Images excepted, the data below must be repeated exactly.

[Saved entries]
★ ★ ★ ★

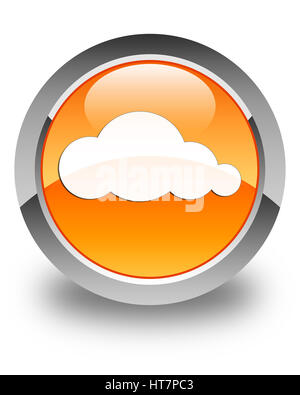 Icône de nuage isolé sur bouton rond orange brillant abstract illustration Banque D'Images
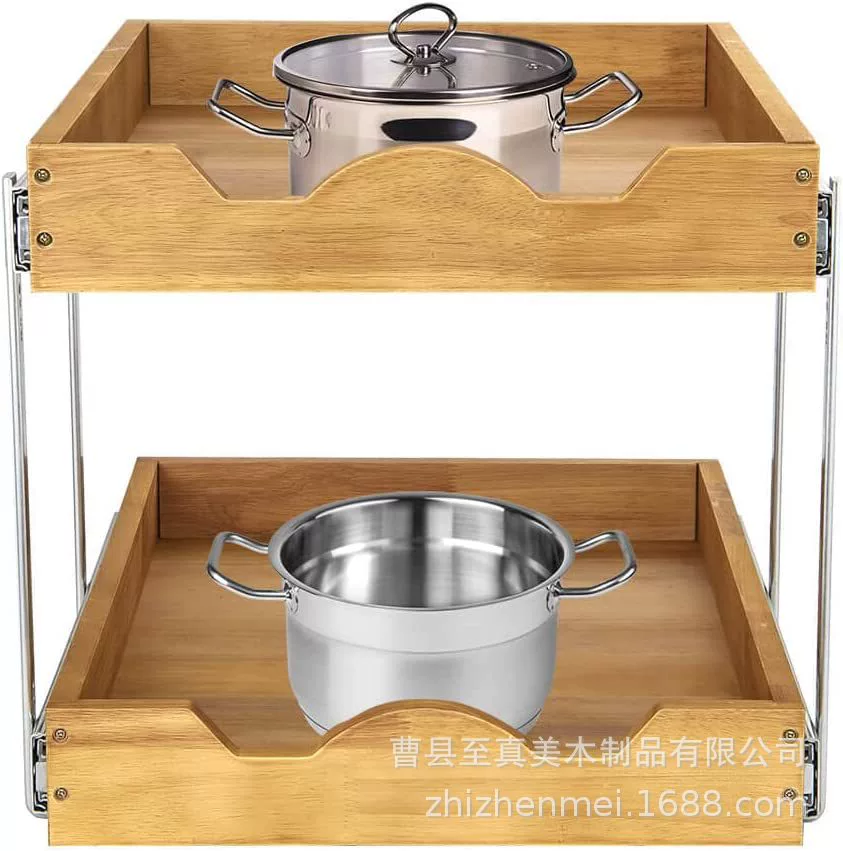 2-х слойный выдвижной шкаф-органайзер, выдвижной деревянный ящик, двухслойная выдвижная стойка, деревянная стойка для хранения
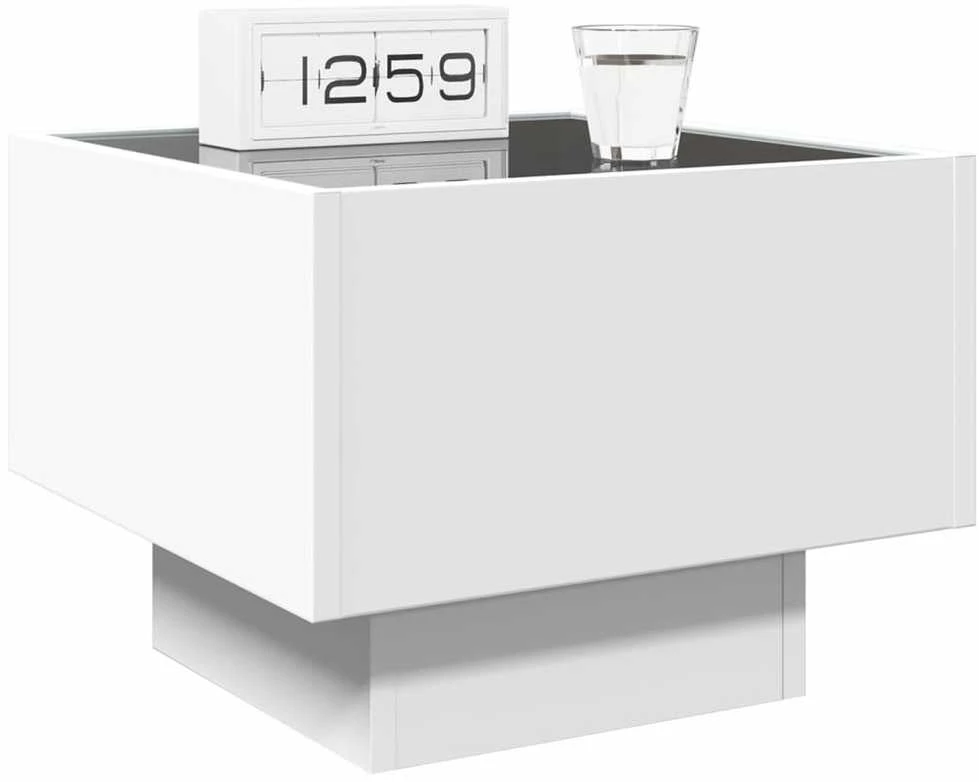 Naktinis staliukas su Infinity LED, baltas, 40x40x30cm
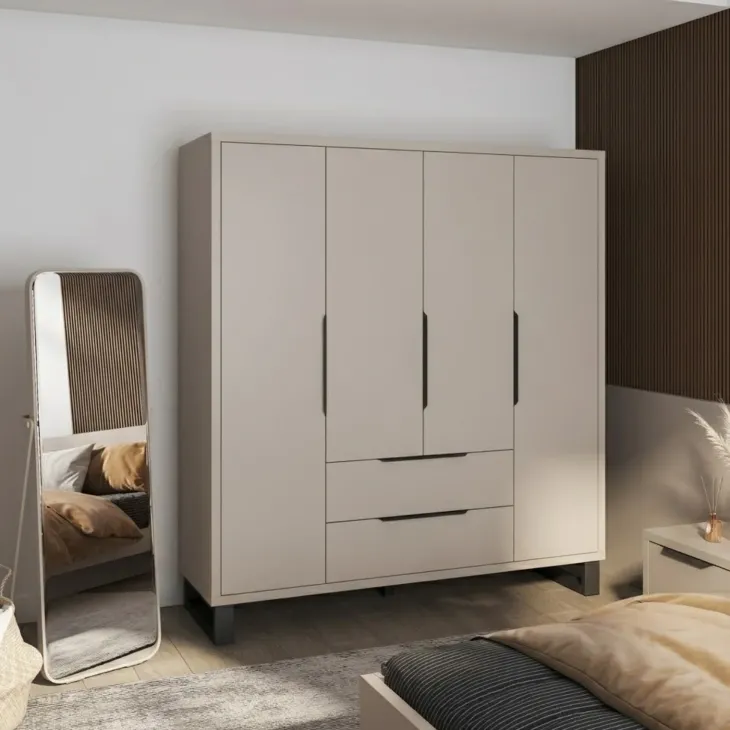 Armadio 190x210h cm 4 ante battenti 2 cassetti beige cashmere Petra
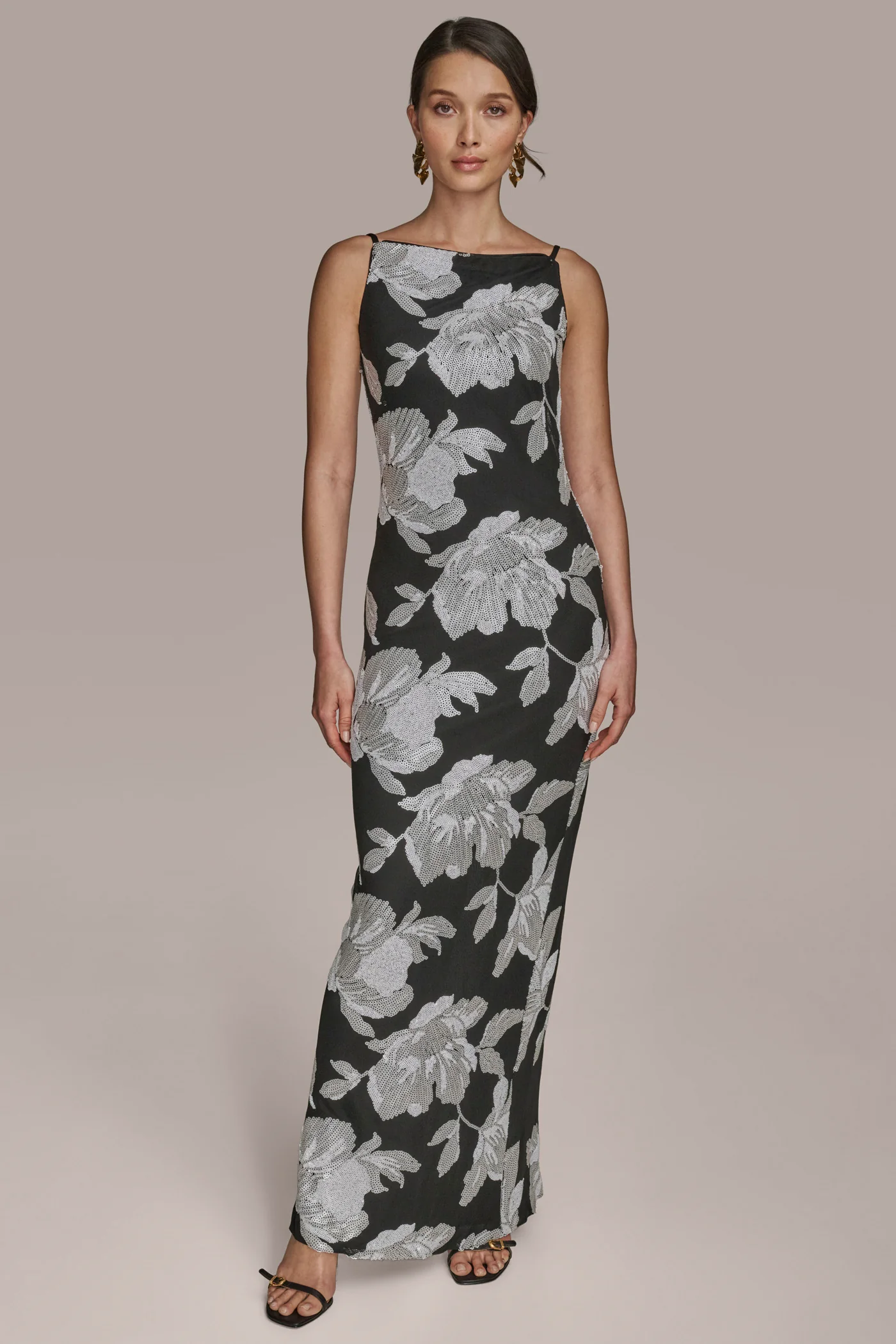 FLORAL SEQUIN SLEEVELESS BOATNECK GOWN - VXVOV
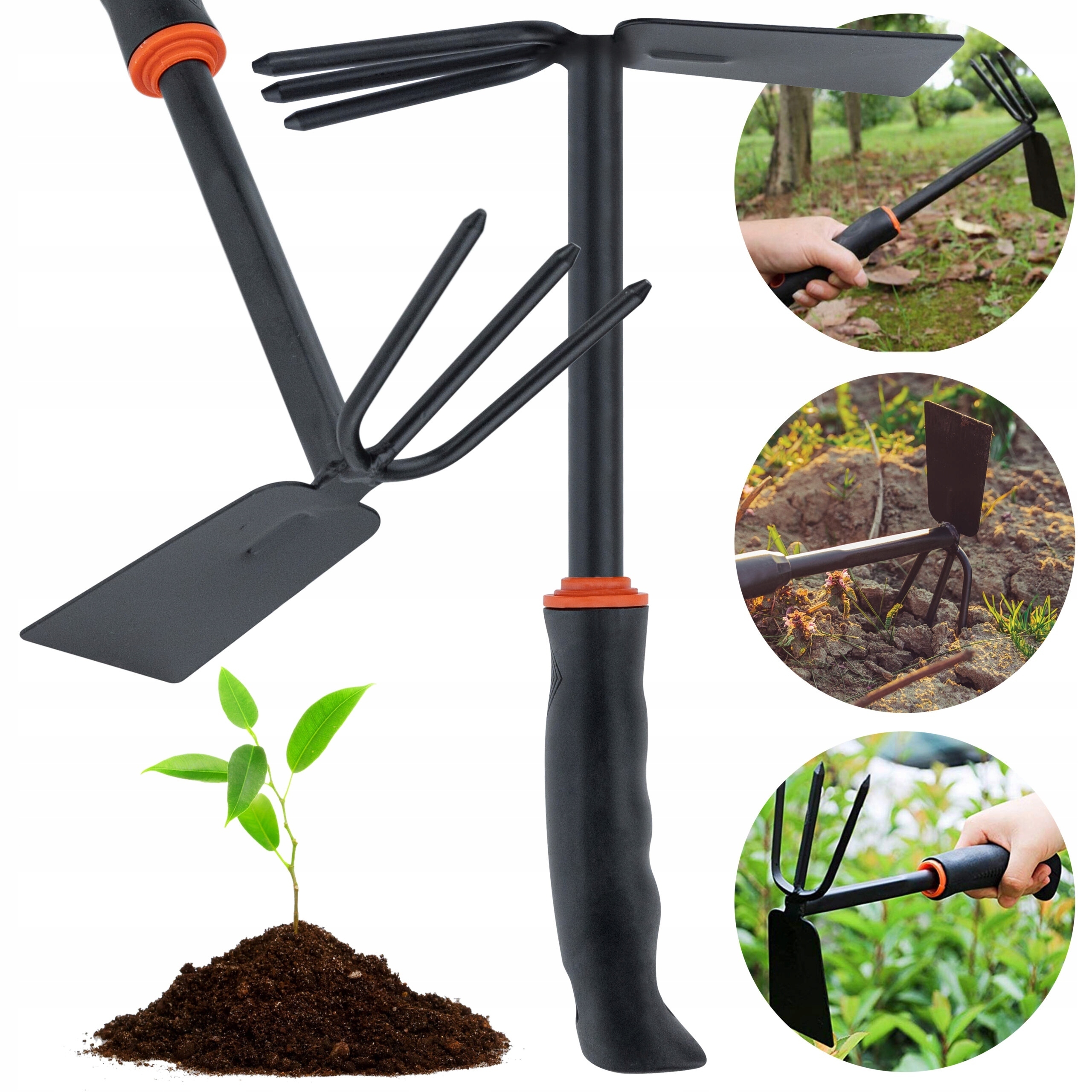 MOTYKA DWUSTRONNA OGRODOWA DZIABKA+GRABKA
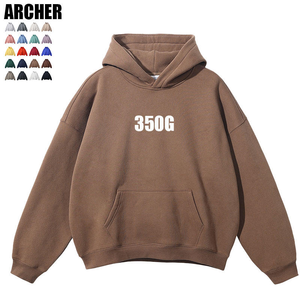 Sweat-shirts à capuche surdimensionnés en polaire premium 350g, 20 couleurs, sans cordon, sweat-shirts à capuche unis en coton pour l'hiver, coupe ample pour hommes - Product Image 1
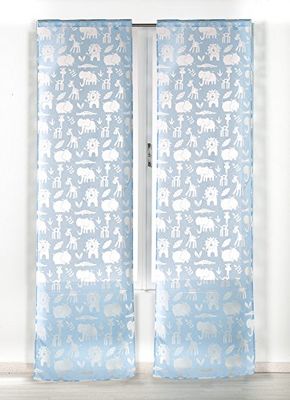 RIOMA jadis Rideau Voilage, Tissu, Bleu Moderne 240x65x3 cm Bleu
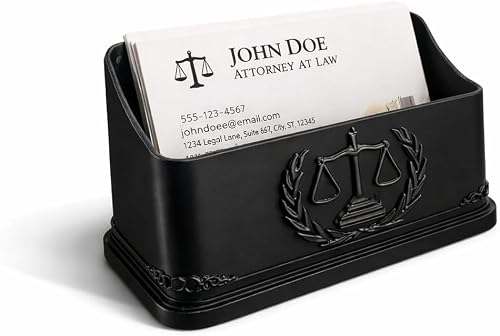 Jamara Co. Business Card Holder for Desk – Lawyer / Attorney Card Holder with Scales of Justice – Professional Office Desk Accessory Gift for Lawyers & Law Students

★ ★ ★ ★

## YOUR RESPONSE:
 Icône de nuage isolé sur bouton rond orange brillant abstract illustration Banque D'Images
 2-х слойный выдвижной шкаф-органайзер, выдвижной деревянный ящик, двухслойная выдвижная стойка, деревянная стойка для хранения
 Naktinis staliukas su Infinity LED, baltas, 40x40x30cm
 Armadio 190x210h cm 4 ante battenti 2 cassetti beige cashmere Petra
 FLORAL SEQUIN SLEEVELESS BOATNECK GOWN - VXVOV
 MOTYKA DWUSTRONNA OGRODOWA DZIABKA+GRABKA
 Sweat-shirts à capuche surdimensionnés en polaire premium 350g, 20 couleurs, sans cordon, sweat-shirts à capuche unis en coton pour l'hiver, coupe ample pour hommes - Product Image 1
 RIOMA jadis Rideau Voilage, Tissu, Bleu Moderne 240x65x3 cm Bleu
 Jamara Co. Business Card Holder for Desk – Lawyer / Attorney Card Holder with Scales of Justice – Professional Office Desk Accessory Gift for Lawyers & Law Students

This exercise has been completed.